Postby sfong » Sun Mar 15, 2009 11:11 pm

I'm going to assume that you're a beginner, so forgive me if some of this sounds condecending ;) IMO, here is the checklist order to go through.

1) Driver technique
- If the understeer happens under acceleration, be gentler on the gas, only really put the hammer down when the front wheels are straightened out. It's FWD.
- If the understeer happens on corner entry, you're going too fast in and/or you're not blending the braking and turn in well to get weight transfer to the front tires to get more grip there.
- Change your driving line to cover up the understeer/FWD. Not sure on this one, not a FWD guy.

2) Tire pressure
- Each tire/suspension will have an optimum air pressure to get maximum grip. You have to figure that out yourself. Set tire pressure so there is maximum grip in front and then put a non-optimum pressure in the rear. You can get less grip by making the pressure less than optimum (to make the sidewalls bend, making a bad tire patch) or making the pressure more than optimum (to ballon the tire, shrinking the tire patch).

3) Alignment
- A good alignment is a good idea in general. As long as you don't go really radical, in general more negative camber gives more lateral grip, but you give up a little braking/accelerating grip. Toe also has a minor effect, but it's probably not worth youre time.

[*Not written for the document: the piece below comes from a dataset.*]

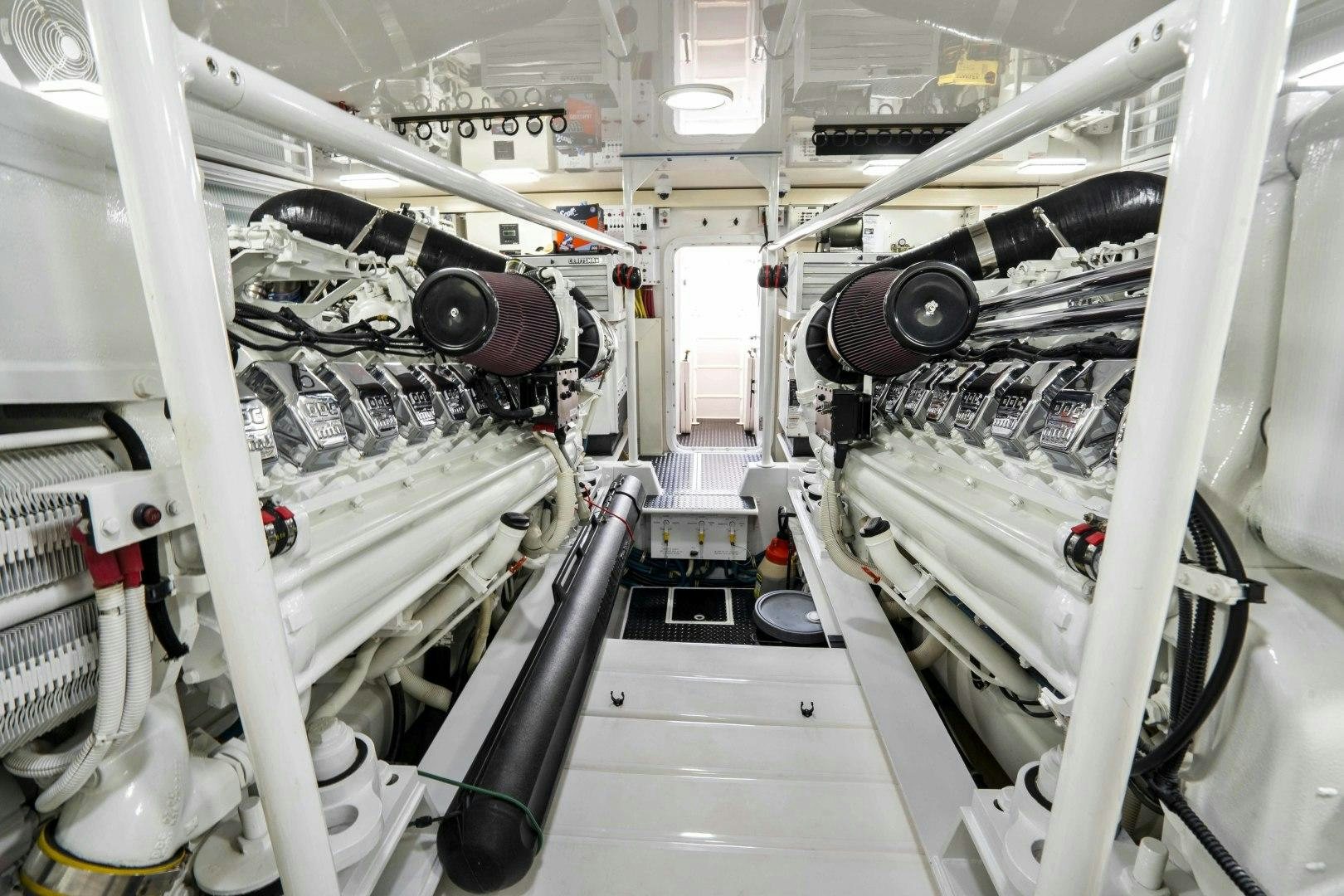 a large machine in a room aboard TRANQUILO Yacht for Sale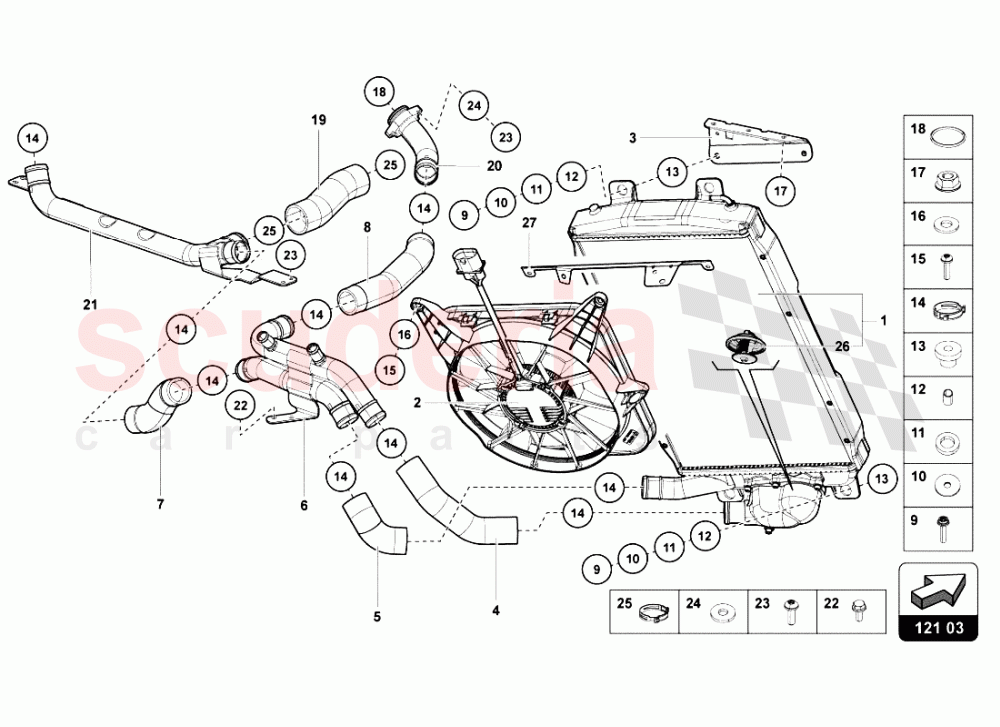 WATER COOLING SYSTEM 2 of Lamborghini Lamborghini Aventador LP700 Roadster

4) Stiffer rear swaybar/softer front swaybar
- The stiffer side transfers weight faster on that end which reduces grip there. This is the cheapest/easiest car mod do to tune static under/oversteer.
- Stiffer swaybar also reduces car roll, which can sometimes give more grip (which is opposite to what you would expect) if the reduction in car roll optimizes the the camber setting for the tire. This is typically not the case though.

5) Stiffer rear springs/softer front springs
- Same mechanism as the swaybars. Requires more work in the mod and also reduces ride quality more than the swaybars. Go too crazy with the change in spring rate, you'll also want retuned shocks.

6) Adjustable shocks
- This effects dynamic over/understeer when there is weight transfer happening. Not going to try to explain this as its complicated and you're probably not going to go this far if price is an issue.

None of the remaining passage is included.